U OF M CLUB OF GRAND TRAVERSE
FIRST AMENDED AND RESTATED BYLAWS (effective 6/27/14)
ARTICLE I NAME
The name of this organization is the U of M Club of Grand Traverse (the Club).
ARTICLE II PURPOSE
The Club is formed to promote, in conjunction with the Alumni Association of the University of Michigan (AAUM): (i) fundraising and the distribution of scholarship funds to students (ii) participation in programs provided by the University of Michigan; (iii) active recruitment of qualified students to attend the University of Michigan; and (iv) foster fellowship among alumni, supporters and students of the University of Michigan. For the purpose of these Bylaws, Area Resident is defined to include residents of the five (5) county Grand Traverse Area which includes: Antrim, Benzie, Grand Traverse, Kalkaska and Leelanau Counties.
ARTICLE III MEMBERSHIP
A person is eligible to become a Member of the Association, if that person meets one of the following criteria: (A) He or she is an Area Resident and meets any one of the following qualifications: (i) is a graduate of the University of Michigan, or (ii) has attended the University of Michigan, or (iii) is connected with the University of Michigan, or (iv) has or has had children attend the University of Michigan, or; (B) He or she is not an Area Resident, but meets one of the above criteria, and is approved by a majority of the Club Board of Directors.

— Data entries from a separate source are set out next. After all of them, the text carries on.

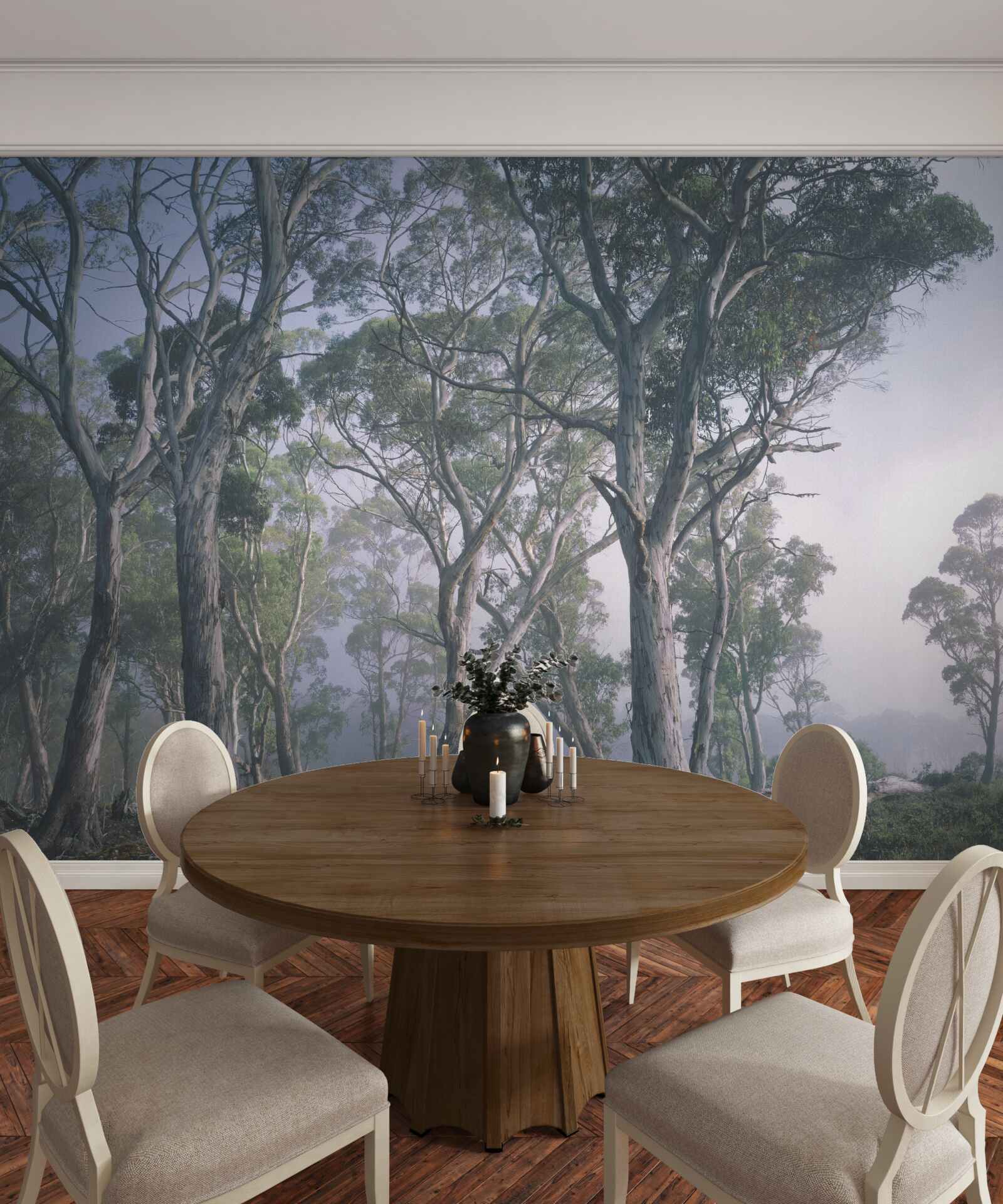 Fotobehang ochtend ontwaakt in een mistig bos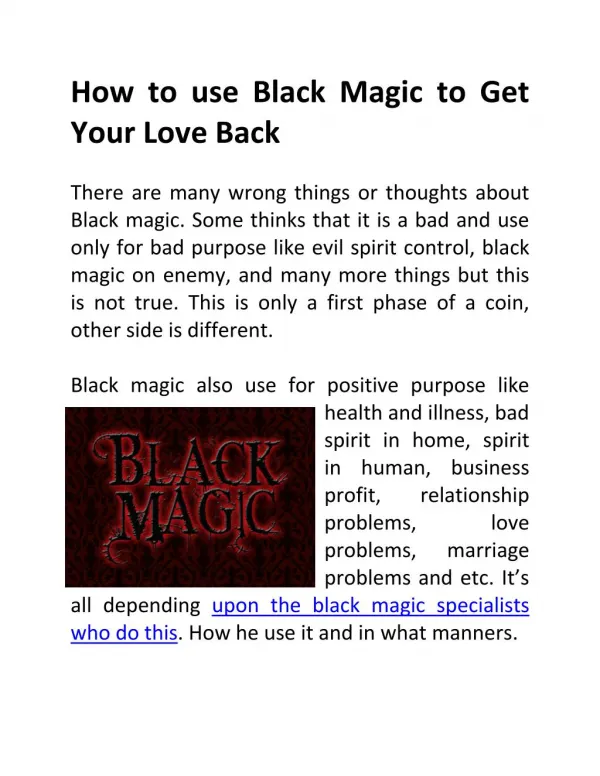 How to use Black Magic to Get Your Love Back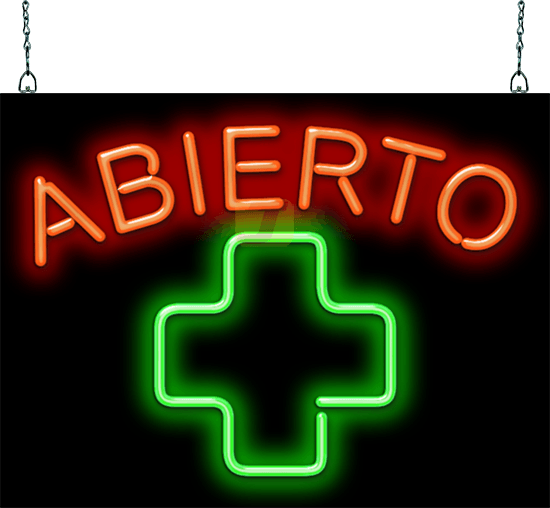 Medical Cross Abierto Neon Sign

ARTICLE IV OFFICERS AND DIRECTORS
1.1. Governance. The Club shall be governed by a Board of Officers and Directors (the Club Board or Board) who are elected by the general membership at the Members’ Annual Meeting, which is generally held in May or June. All Officers and Directors of the Club are expected to be current dues paying Members of the AAUM.
1.2. Number of Officers and Directors. The Club Board shall consist of not more than 17 Nor less than 13 Members. At all times feasible, the Club Board shall include six (6) Officers: President, Past President, Vice President, Secretary, Treasurer, and Communications Director. The remaining Members of the Board shall be Directors at Large (Directors) who shall be chosen based upon criteria developed by the Board, from time to time. These criteria may be established or incorporated herein by addendum.
1.3. Officers. Club Officers are each elected for one (1) two (2) year term, except the “Past President” who shall serve a two year term immediately following his term as President. Officers may serve two (2) consecutive terms in the same office, except for the President, who may not consecutive terms. The President shall assume the office of Past President at the conclusion of his first term.
1.4. Directors. Club Directors shall be elected based upon the criteria developed by the Board pursuant to this Article, if any. Each Director shall be elected to a three (3) year term and may be re-elected for an additional 2 terms, but no Director may serve in that capacity for more than 11 years consecutively. The limitations herein shall not prohibit a Director from serving additional, non-consecutive terms.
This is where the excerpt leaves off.